Phylogenetic analysis of Mg-tetrapyrrole biosynthesis genes reveals that anoxygenic photosynthetic processes became evident in primitive organisms like certain bacteria before the oxygenic variety in other organisms like cyanobacteria (Xiong and Bauer, 2002). Joint analyses of the pigment genes and reaction centers have yielded stronger evidence to this effect (Xiong and Bauer, 2002). At the time when photosynthesis became a rudimentary process for energy storage in arcane organisms cellular respiration was still to evolve and the energy release mechanism for utilizing the photosynthetic stored energy used processes that sourced their electrons from suppliers other water (Todar, Undated). Later, genetic transfer mechanisms between endosymbiotic bacteria, their closest living relatives being the proteobacteria, and their pre-eukaryotic cellular hosts inducted cell organelles like mitochondria and chloroplasts (Simpson et al, 2002) into the pre-eukaryotic system and cellular respiration became possible. Some time during the endosymbiotic processes there was gene transfer from the bacteria to the pre-eukarytic cells whereby the bacterial genome was reduced and much of the remaining genetic materials got encoded in the cellular nucleus while, locally, some of the bacterial genetic materials were encoded within the organelle, mitochondrion or otherwise, to form localized DNA entirely associated with organelle function (Chihade et al, 2000).
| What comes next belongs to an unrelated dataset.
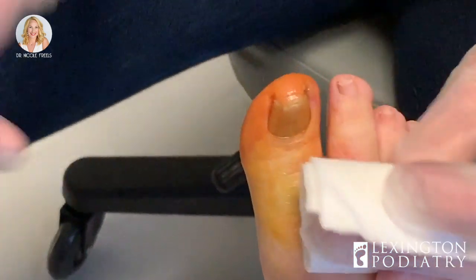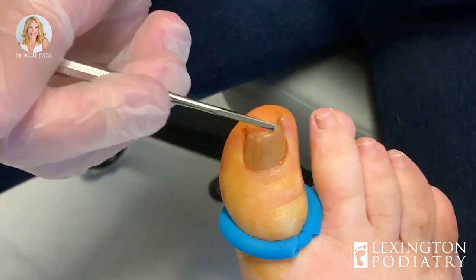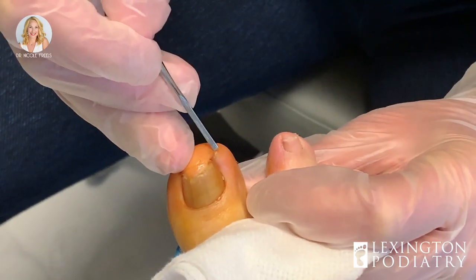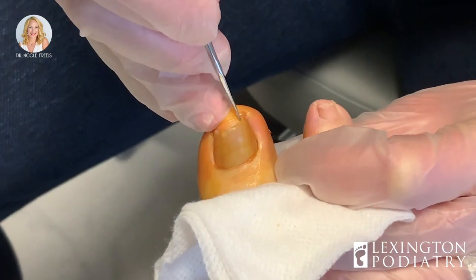Alright everybody, let's get started. This is a deep ingrown toenail with a fungal nail as well — it's thicker than normal, with an abscess at the tip. This is a very common place to see an abscess.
While the induction of the mitochondria into the pre-eukaryotic cells to produce the eukaryotic system shall be dealt with later in the paper a short comparison by organisms will now be made of photosynthesis and cellular respiration processes.
The following table will be used to compare and contrast photosynthesis and cellular respiration in the species of euglenoids that have primitive plastids (Borza et al, 2005). Euglenoids are either autotrophs, photosynthetic with chlorophyll a and b chloroplasts, or heterotrophs with parasitic or absorptive nutrition. Some of them also have motile mechanisms like flagella or cilia. It is notable that euglenoids with plastids acquired them through secondary endosymbiosis and, thus, the plastids are not as developed as those of more evolutionary advanced species (Borza et al, 2005). It is also notable that euglenoids with plastids also use absorptive nutrition, absorbing organic matter from their environs, as supplementary dietary processes. Though they may be photosynthetic they can respire both aerobically and anaerobically (Hoffmeister et al, 2004). Anaerobically, these organisms store energy in the form of fatty acids (waxes) that are broken down when oxygen becomes available more plentifully (Hoffmeister et al, 2004). This makes these organisms so interesting. It is notable that both photosynthesis and cellular respiration in euglenoids with chloroplasts are still not fully understood (Hoffmeister et al, 2004; Lonergan and Sargent, 1979). Nevertheless, these processes have been simplistically compared and contrasted in the following table.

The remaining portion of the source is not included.